Politique de taux des banques centrales :
un choix difficile entre croissance et inflation

              La Banque d’Angleterre (BoE) a surpris l’ensemble des marchés financiers mondiaux, en relevant son taux d’intérêt directeur de 25 points à 5,25%. Bien que prévue par les marchés, cette augmentation est intervenue plus taux qu’ils ne l’avaient anticipé dans leur globalité. De nombreux intervenants projetaient qu’elle interviendrait dans le courant du premier trimestre de 2007.

              Cette décision est inquiétante car elle est l’expression de l’inquiétude qui habite les responsables de la banque centrale d’Angleterre. Depuis plusieurs mois en effet, des signes persistants montrent que l’inflation s’est durablement installée au-dessus de 2%. La hausse des prix a atteint au mois de novembre 2,7% sur un an. Il faut se référer au mois de juillet 2001, c’est à dire quelques semaines avant les tragiques évènements du 11 septembre, pour retrouver un taux aussi élevé. En décidant l’augmentation de son taux d’intérêt directeur, la BoE a envoyé un signal fort et plus tôt que prévu en direction des différents acteurs de la scène politique, économique et sociale du royaume : les syndicats, les chefs d’entreprises comme les responsables politiques gouvernementaux. La proximité de l’augmentation de ce même taux de base avec celle de 0,25 intervenue au mois de novembre dernier, indique la grande vigilance dont font preuve les gardiens du sterling. Il est très probable que l’avant dernière augmentation n’a pas encore été « digérée ». Dans ce cas, elle trouvera immanquablement une traduction sur la consommation des ménages, comme c’est toujours le cas en pareille circonstance.

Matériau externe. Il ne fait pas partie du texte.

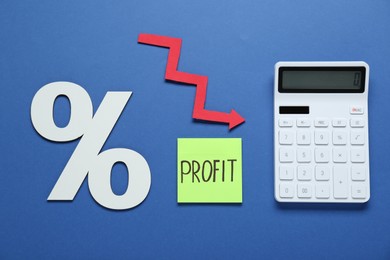 Photo of Sticky note with word Profit, calculator, percent symbol and up arrow on blue background, flat lay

              Au Royaume Uni, plus encore qu’ailleurs, la politique des taux de la banque centrale a un effet toujours très rapidement lisible dans le domaine de l’immobilier, car les prêts sont révisables. La traduction d’une augmentation des taux, comme celle d’une baisse, est immédiate pour l’emprunteur comme pour … le créancier, c’est à dire l’ensemble du secteur bancaire qui soutient le marché des « mortgages » immobiliers.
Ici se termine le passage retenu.